## HOW TO COMPLETE THIS TASK
Exactly and only the lines from the line holding "Måneskin Men Women" to the end of the records should be reproduced. Leave pictures out.

## Dataset items

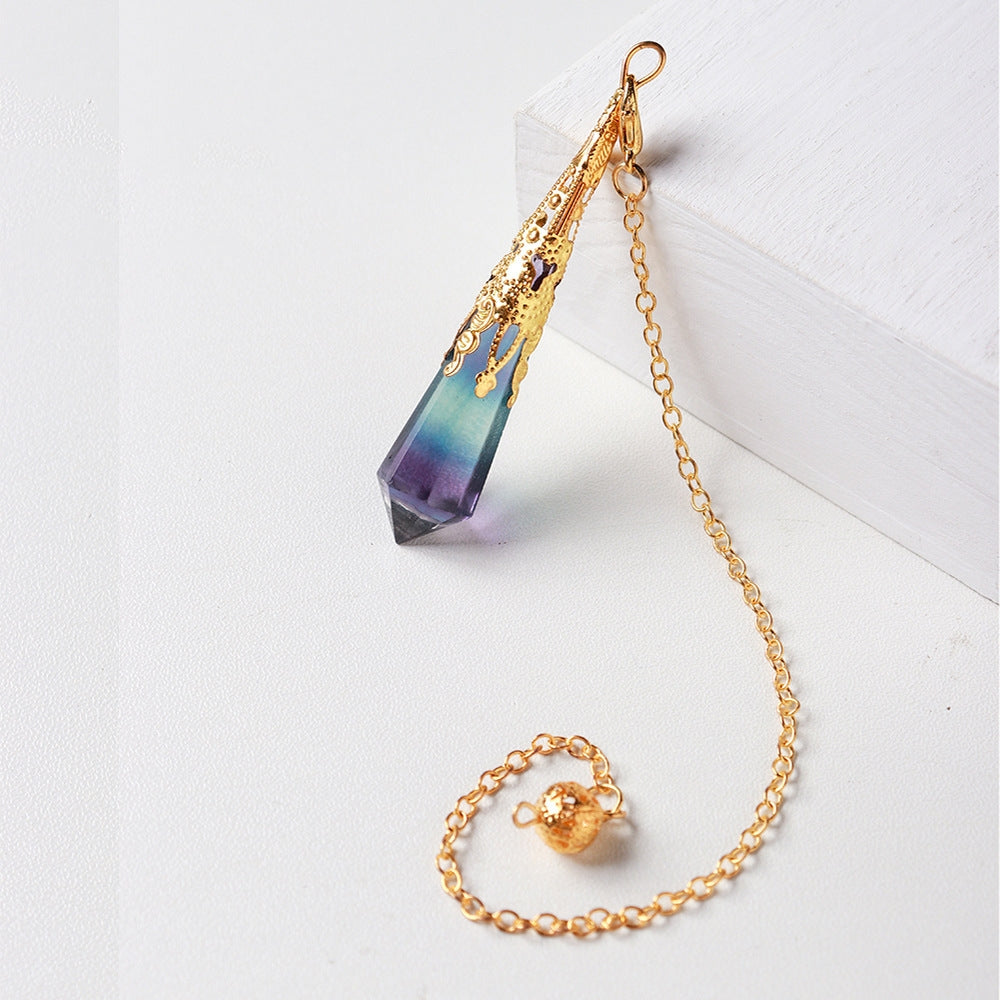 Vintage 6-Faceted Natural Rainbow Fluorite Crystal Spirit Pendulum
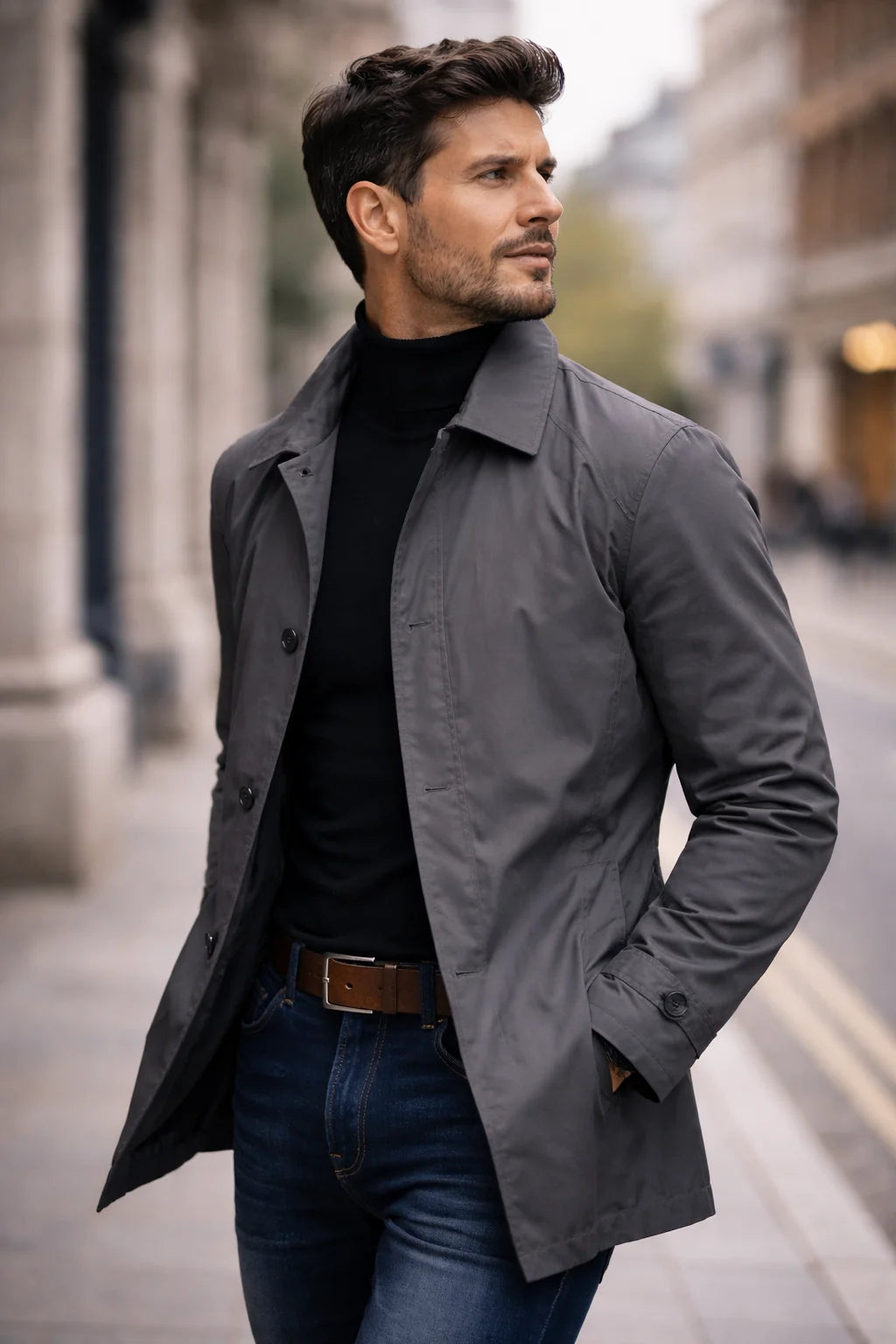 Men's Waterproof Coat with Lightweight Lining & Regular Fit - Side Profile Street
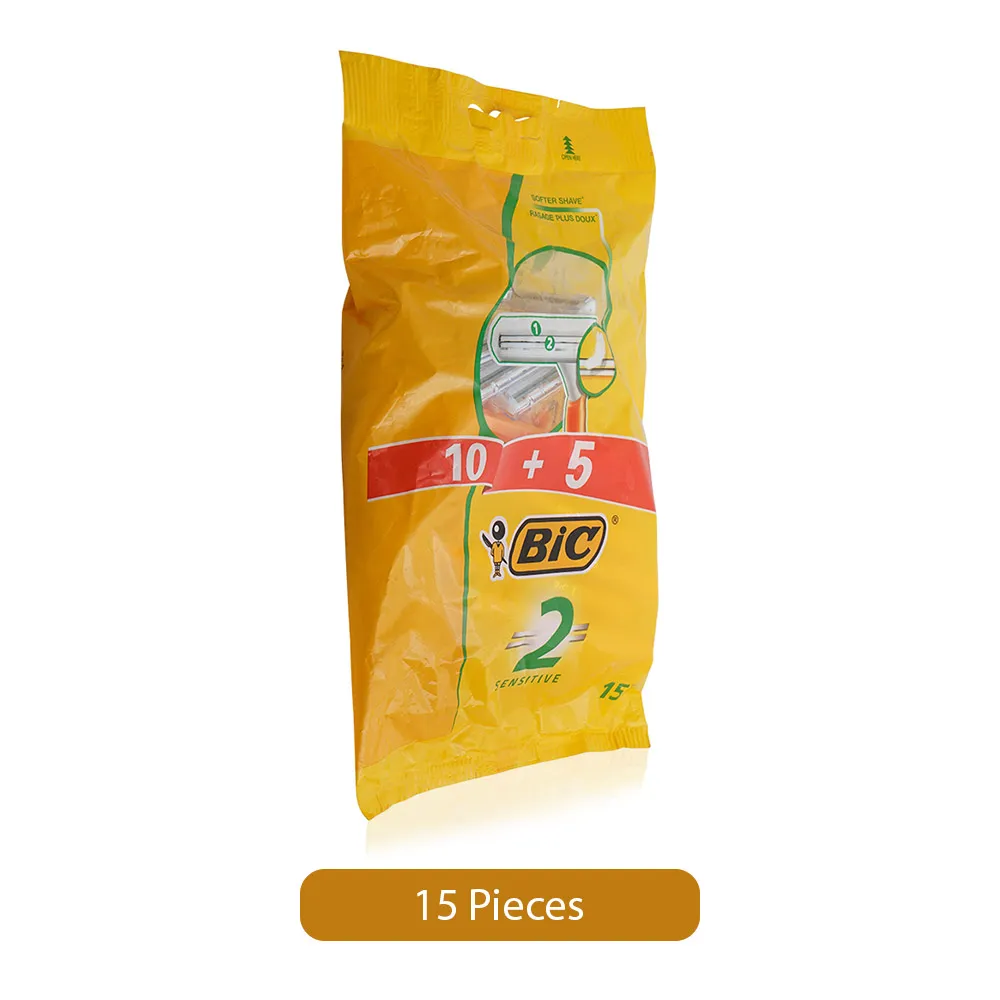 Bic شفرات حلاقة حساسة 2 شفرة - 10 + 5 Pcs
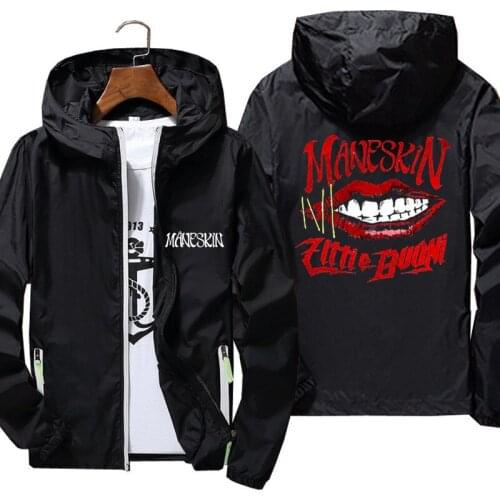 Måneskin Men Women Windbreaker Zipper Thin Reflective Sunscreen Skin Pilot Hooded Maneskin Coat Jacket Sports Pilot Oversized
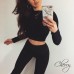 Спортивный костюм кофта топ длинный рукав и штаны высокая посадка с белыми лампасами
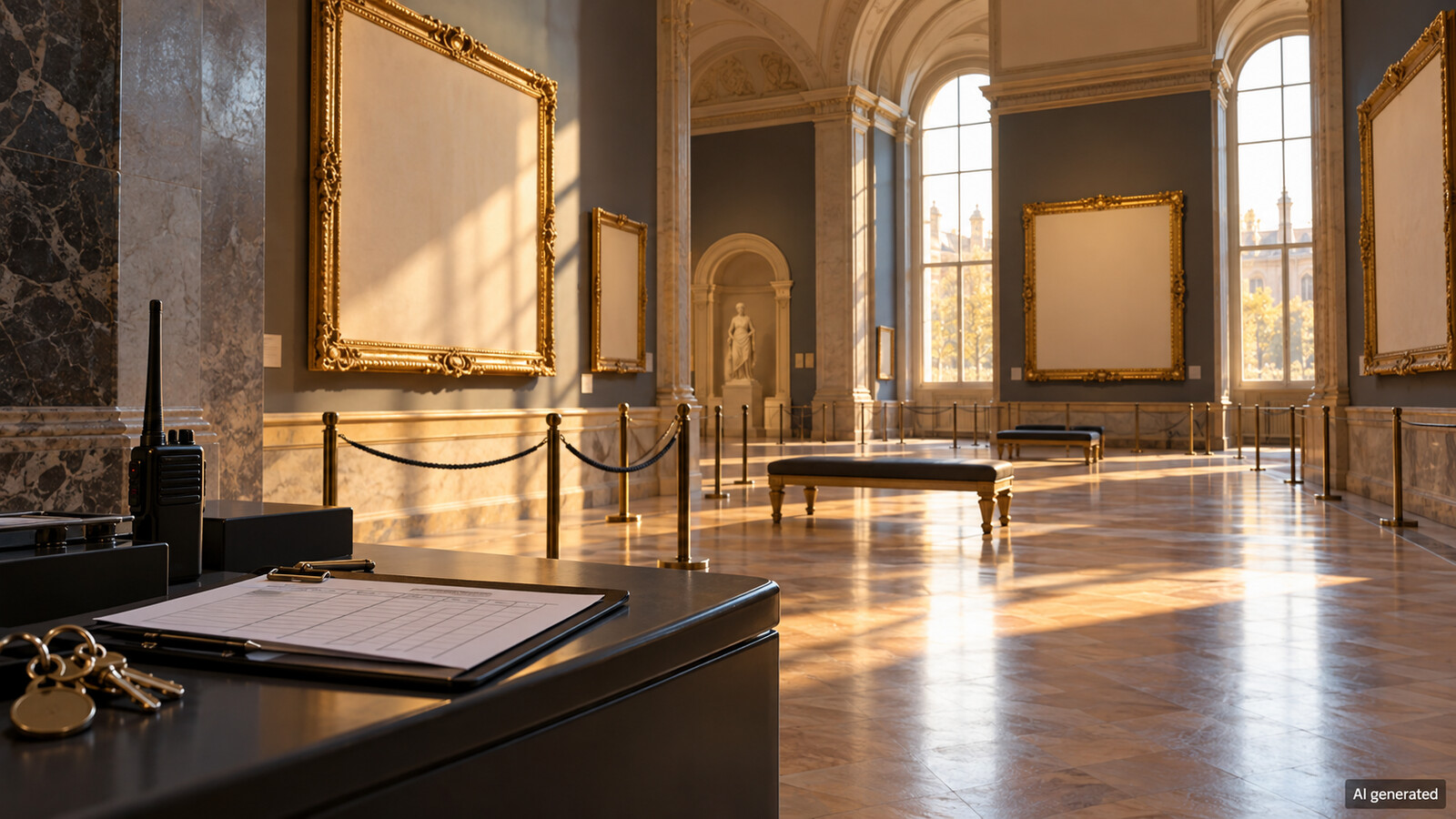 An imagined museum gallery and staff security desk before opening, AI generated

## THE ANSWER
 Måneskin Men Women Windbreaker Zipper Thin Reflective Sunscreen Skin Pilot Hooded Maneskin Coat Jacket Sports Pilot Oversized
 Спортивный костюм кофта топ длинный рукав и штаны высокая посадка с белыми лампасами
 An imagined museum gallery and staff security desk before opening, AI generated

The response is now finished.